No obstante, la verdad de las cosas es que el fujimorismo no tiene una razón válida para evadir el diálogo. Para empezar, los puntos de la agenda que está planteando el gobierno facilitarían alcanzar objetivos que supuestamente forman parte de las propuestas de esta agrupación política. Por ejemplo, simplificar los procedimientos administrativos, reducir la carga tributaria y laboral, promover las inversiones, volver más eficientes los programas sociales o reforzar el sistema de seguridad nacional.
¿Por qué se opondría el fujimorismo a la oportunidad de implementar iniciativas que coinciden con las suyas? Más importante aún, ¿por qué se opondría a una agenda con la que estaría de acuerdo la mayoría de sus electores e inclusive la mayoría del país? No encontramos una razón para ello.

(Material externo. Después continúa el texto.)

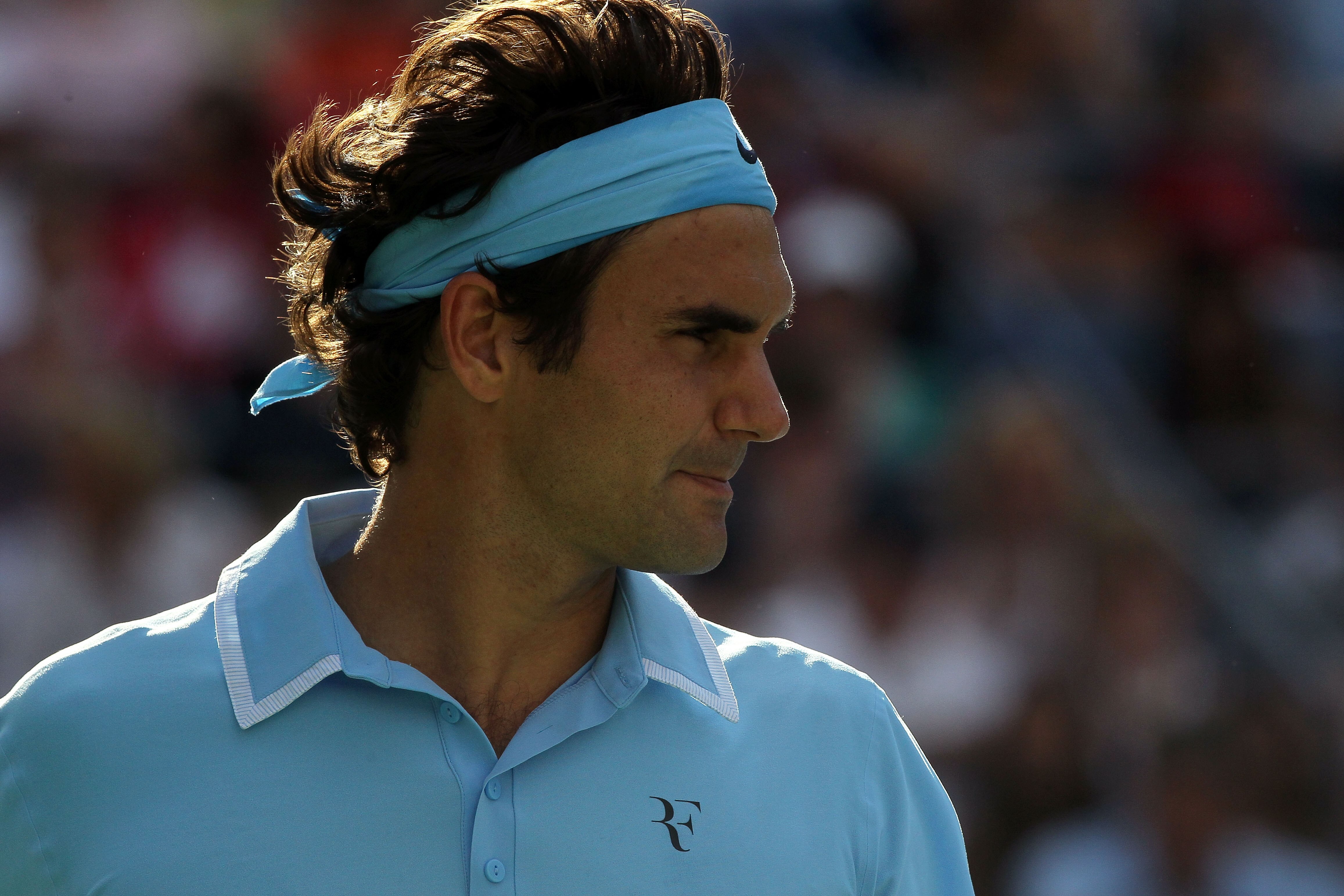 NEW YORK - SEPTEMBER 04:  Roger Federer of Switzerland stands on the court during play against Paul-Henri Mathieu of France during the men's singles match on day six of the 2010 U.S. Open at the USTA Billie Jean King National Tennis Center on September 4,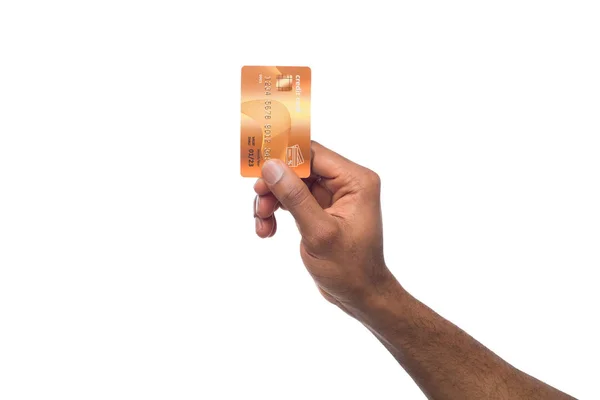 Zbliżenie: mężczyzna ręka trzyma karty plastikowe — Zdjęcie stockowe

Salvo, por supuesto, que el fujimorismo solo se esté oponiendo porque anda empecinado en obstaculizar a este gobierno, cueste lo que cueste, incluso si eso supone poner en jaque la estabilidad del Perú.
¿Además, con qué legitimidad moral espera el fujimorismo continuar criticando la supuesta pasividad del gobierno para impulsar reformas estructurales si es que, cuando pide una mano para iniciarlas, él mismo se la niega?
Ahora, es cierto que el propio oficialismo es culpable en buena parte de la dificultad para sentarse en la misma mesa con la oposición. Desde inicios del gobierno, el presidente Humala ha tenido una actitud confrontacional con los partidos opositores. E incluso hoy, luego de convocarlos al diálogo, los enfrenta diciendo que están haciendo campaña para el 2016 y que “para cualquier opinión tienen el teléfono del primer ministro y pueden hablar con él directamente” (como dando a entender que ellos no estarían a su altura).
Asimismo, tampoco ha ayudado que el señor Jiménez hasta hace poco no haya tenido problemas en calificar a la oposición de “destructiva” y en tachar cada una de sus críticas de simples manipulaciones oportunistas. El primer ministro ha quemado más puentes de los que ha tendido.
Cualquier partido realmente serio, sin embargo, debería estar por encima de esta errada y torpe actitud del gobierno. A fin de cuentas, lo que hay de por medio son varios de los temas de Estado más importantes y la politiquería de la coyuntura no debería ser óbice para resolverlos.
Qué piensan exactamente obtener los fujimoristas negándose a apoyar esta agenda potencialmente beneficiosa para el Perú, solo ellos lo saben. Pero lo que nos queda claro es que, para presionar al gobierno, no tienen derecho a tratar de tomar como rehén al futuro de todos.